Wednesday, March 13, 2013

What I Read: The Daughter of Smoke and Bone by Laini Taylor

The Daughter of Smoke and Bone is the first in a trilogy and the first I've read by Laini Taylor. I definitely want to go back and read her Lips Touch: Three Times, a National Book Award Finalist. Let me tell you, she does some very fancy footwork with the plot in this tome and it is genius. Genius! I am so glad that I went ahead and reserved the second one at the library so I can begin it immediately.


"She tastes like nectar and salt. Nectar and salt and apples. Pollen and stars and hinges. She tastes like fairy tales. Swan maiden at midnight. Cream on the tip of a fox's tongue. She tastes like hope."


This novel is about a human girl named Karou, living a sort of gypsy life, but temporarily settled in modern day Prague, Czech Republic. She has no memory of her parents or where she came from, just that she was raised by Chimaera, a conglomerate of various races of supernatural human/animal hybrids from another realm who consort with humans on the fringes of society conducting secret business to which she is not privy. She is tough, curious, and independent. She is an artist and and she has been trained in the martial arts. She's seventeen years old, but she feels older and more mature. Her character development is perfect and I at once believed that she is was teenager and that she wasn't. I was so curious to know about her past. 

Illustration of Karou by Jim Di Bartolo. Via Smoke and Bone Wiki.

"A bruxis. That was the one wish more powerful than a gavriel, and its trade value was singular: The only way to purchase one was with one's own teeth. All of them, self-extracted."

Karou was primarily raised by a Chimaera shopkeeper of sorts who deals in the business of teeth and wishes. Meaning, people will bring him teeth, both animal and human, and he pays them in wishes. Karou sometimes assists in these trades by acting as messenger and picking up teeth from various trusted suppliers around the world. Karou has no idea for what the Chimaera use the teeth even though she had witnessed some of the harvesting.

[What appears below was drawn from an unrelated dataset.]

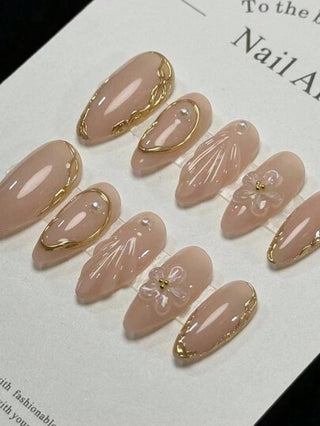 10 قطعة/مجموعة للأظافر، ذات خطوط ذهبية ولمسات لماعة 3D على شكل زهور بشكل لوز، أظافر صناعية لامعة قابلة للفصل وإعادة الاستخدام، تلبسها على الأظافر الحقيقية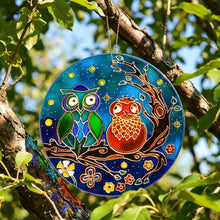 Stained Glass Owl Couple 8" Suncatcher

One pickup assignment takes her to a market in Marrakesh, where she comes face to face with Akiva. 

"Enemy. Enemy. Enemy. The knowledge pounded through her on the rhythm of her heartbeat: the fire-eyed stranger was the enemy... She was caught between the urge to flee and the fear of turning her back on him."

The Chimaera have been in a war with angels, the Seraphim, for millennia and even though neither side remembers why they are fighting and their legends blame the others, natch, they still battle in the name of vengeance. The Chimaera think the Seraphim are narcissistic overlords and the Seraphim believe the Chimaera to be dim-witted beasts. Anyway, events are set in motion that thrust Karou to the center of this age-old disagreement. She learns about her past and the value of magic, hope, and wishes.

In one description of Chimaera they are likened to figures from a Hieronymous Bosch painting.

"...and when he turned away she experienced a sudden unspooling, like the snap of a cable and all her restraints giving way, and she couldn't bear it anymore."

Both the writing and the storytelling in this book are impeccable. The plot took some really unexpected turns, especially near the end, but they all work. It seems like a tired old trope that two people from opposing sides of a deep-seated* and ill-remembered squabble would fall in love. Star-crossed lovers, if you will. But Taylor manages to tell the story in a way that is entirely new and fresh. And heartbreaking. Actually, it is really trite to describe the story this way. There is much more to it that that and after reading only the first book in a planned trilogy I am feeling a little hesitant to define it in these terms. I felt seriously jolted at the end. Pleasantly discomforted. Is that a thing?

Text I sent to my girl Lacey immediately upon finishing.
Have you read this? What did you think? Do you like young adult urban fantasy as much as I apparently do? Care to make any recommendations? Are you excited for the movie?

*I had to look this term up. I say it all the time, but had never written it out and was unsure if the correct term was deep-seated or deep-seeded. I am inclined to use deep-seated, like an idea or feeling that is seated deep in your being. But deep-seeded makes sense too, like firmly-rooted. Thankfully, Grammarist was able to settle my deep-seated internal debate by stating that the Oxford English Dictionary defines it as "having its seat far beneath the surface." Language Log has a good discussion of the confusion, humorously, in my humble opinion, citing Fox News as using it incorrectly.

P.S.: On a separate note, I learned in this book that shark fetuses will compete in the womb and cannibalize each other. I had never heard this before and thought it was morbidly, gruesomely fascinating, albeit evolutionarily counter-productive. Or is it properly Darwinian? When I told Donnie he was like, "duh, everybody knows that." Maybe if you are terrified of sharks a shark enthusiast like him. It is called intrauterine cannibalism. You can read about it here and here. In honor of my learning this new fact I will leave you with a new word for your vocab: Adelphophagy: eating one's own brother. You're welcome and I hope you have no other occasion to use it besides when discussing baby cannibal sharks.